Si al menos tuviera un físico imponente, pienso, que infundiera respeto por sí solo, sin la necesidad de conjurar valentía. Pero no. Sin embargo, descubrí algunos años atrás que hay una situación que me ayuda a superar todas estas resistencias mentales y físicas. Algo tan, pero tan indignante, que de solo pensarlo siento que me transformo en una criatura colérica irradiada por rayos Gamma.
Sucedió una noche cuando caminábamos con Lisa por una calle elegante de Belgrano. Al doblar en una esquina, pasamos frente a la puerta de una farmacia de guardia donde esperaba una mujer mayor que podría ajustarse al arquetipo de una vecina del barrio. Lisa, medio ciega como estaba, percibió a la desconocida y se acercó a olfatear uno de sus tobillos. Entonces, la cara de la mujer se torció en un gesto de asco y su boca se abrió en bordes desparejos como un pozo ciego.
“¡Sacame a este perro inmundo de acá!”, me gritó.

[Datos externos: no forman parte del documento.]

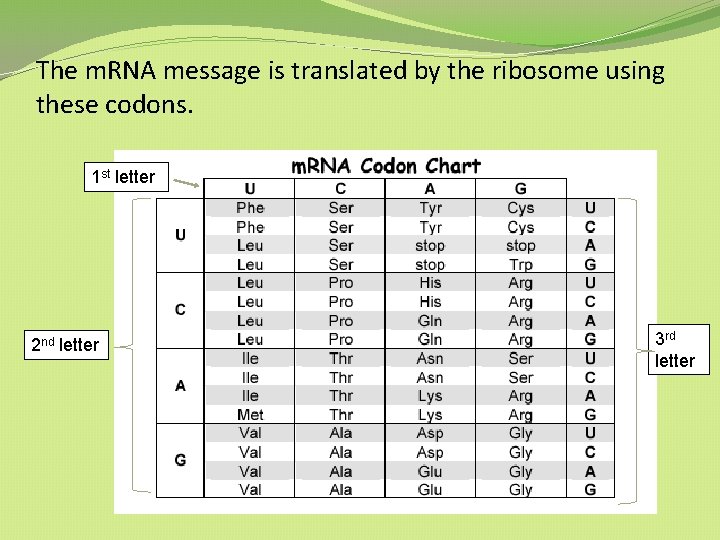 The m. RNA message is translated by the ribosome using these codons. 1 st The m. RNA message is translated by the ribosome using these codons. 1 st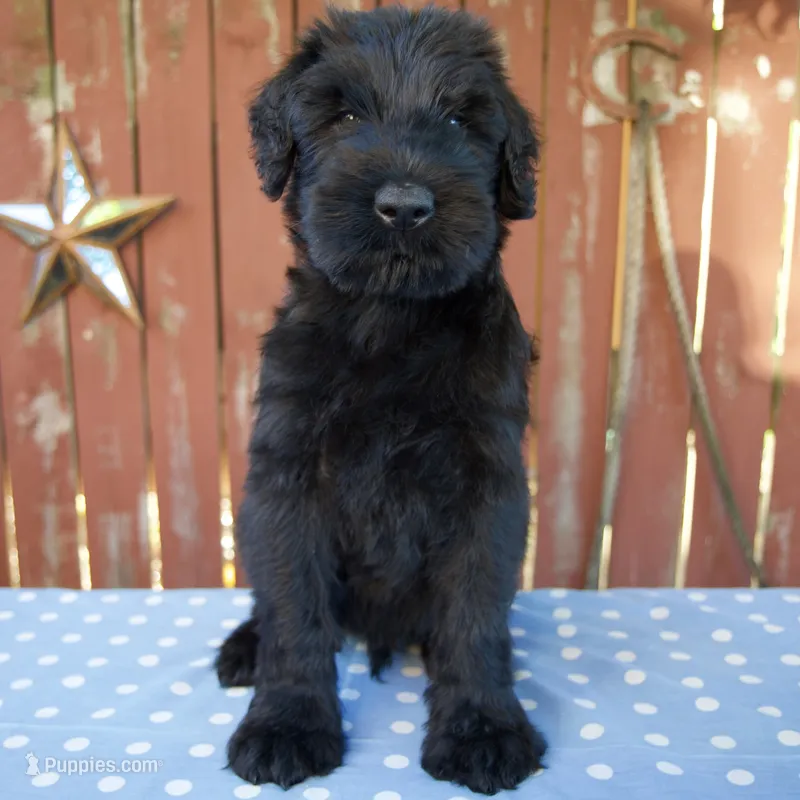Austin – Giant Schnauzer puppy for sale in Millersburg, OH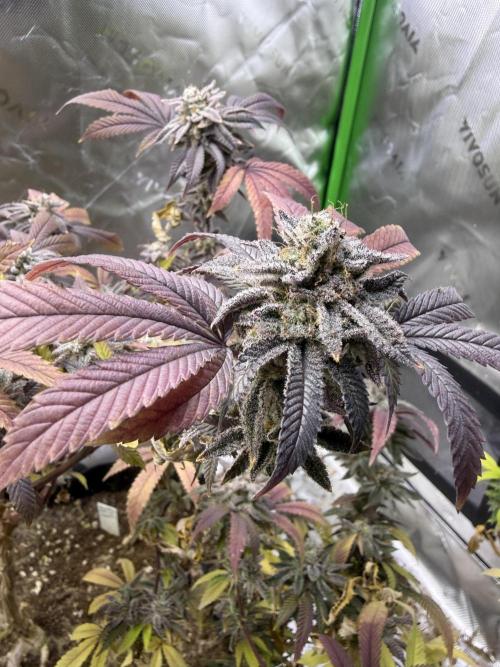 Slurricane Photo Grow. Week 14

Podía tolerar el desprecio, pero no había excusa alguna para maltratar a una criatura inocente de diez kilos. Me invadió la bronca. La sangre subió en torrentes hasta mi cara; sentí calor. Miré a la mujer a los ojos y la insulté. No puedo decir qué le dije, fue algo del estilo “¿qué te pasa, tonta?”, aunque con muchas, muchas más palabras, cada una más irreproducible y ofensiva que la anterior. Cuando por fin me callé, estaba exhausto y mareado por esta sensación desconocida.
“¡Ay, qué ordinario!”, rugió la señora tras un instante, con un enojo algo sobreactuado.
La boca me temblaba. Sentía orgullo, pero también vergüenza. No terminaba de reconocerme en eso que acababa de pasar. La señora me miró en silencio, una máscara de cera derretida por el resentimiento. Nos fuimos con Lisa. No nos siguió. Su melena teñida, iluminada por la luz blanca e inclemente de la farmacia, desapareció en cuanto dimos la vuelta.
Lisa, que parecía ajena a toda la secuencia que ella misma había desatado, tiraba fuerte de la correa. Quería olfatear una baldosa sucia o un poste, no sé. Esa parte no la recuerdo.